Many experts regarded the Law on Doctors of the People's Republic of China as a facilitating factor, but some experts still think there are legal concerns involved in putting the Guidelines into practice. An expert said, “The Physicians’ Law contains 67 items, including four on the use of off-label drugs, which is considerable progress for the management of off-label use of drugs. However, there is no targeted legislation. Clinicians are at higher risk of experiencing adverse side effects from using off-label drugs.” The experts regard the guidelines’ implementation as urgent but not a priority. An interviewer said, “As a result of our current inadequate drug supply and the urgent demand for pediatric medications, experts stressed the urgent necessity to address the issue of off-label prescriptions for children.” However, according to experts, it is not given the highest priority for implementation, primarily due to the busy and complex clinical work and the concern about off-label use of drugs making up a tiny portion of daily work. Additionally, managing children’s off-label drug use is also not a standard component of hospital assessments, and medical staff typically puts the hospital’s assessment requirement first.

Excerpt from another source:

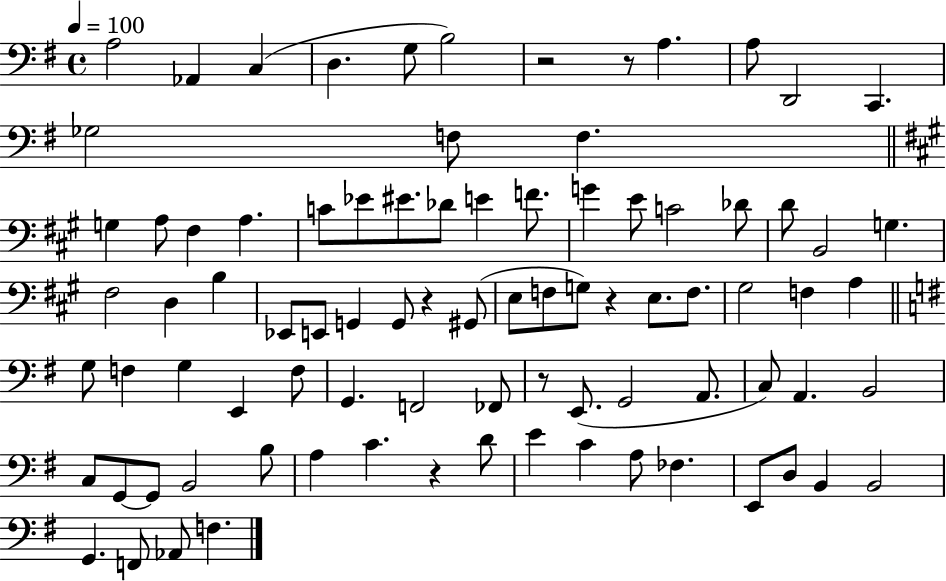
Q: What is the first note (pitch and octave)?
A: A3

According to our knowledge, this is the first study conducted by Chinese guideline developers to tailor the implementation strategy of the guidelines. Key stakeholders in the implementation of the Guideline for the management of pediatric off-label use of drugs in China (2021) were interviewed to identify 57 influencing factors, including 27 facilitators, 29 barriers, and one neutral factor, based on the implementation science CFIR framework and using one-on-one expert in-depth interviews. Based on mapping the critical barriers to the CFIR-ERIC [ 26 , 32 ], recommendations for implementation strategies were made, such as tailoring strategies, encouraging adaptability, inquiring of national health administrations to promote recommendations, and establishing networks for communication between clinicians and pharmacists. The study revealed the complexity of the factors influencing managing children’s off-label medication use. We will update the Guideline to address the lack of patient awareness, and a lack of policy incentives (non-reimbursement by health insurance and a lack of administrative or policy promotion) were the key obstacles in external settings. The communication barriers between pharmacists and physicians were found to be the most critical internal barriers. Regarding individual characteristics, the main barriers were pharmacists’ varying technical competence and physicians’ empiricism with medication use. Additionally, this study discovered that even though the PRC Physicians Law’s enforcement helped implement and promote the Guideline, it still needs to relieve the issue of legal dangers for medical staff completely. The difference in the barriers to implementing the Guideline for different roles of medical staff is the communication barrier between pharmacists and physicians.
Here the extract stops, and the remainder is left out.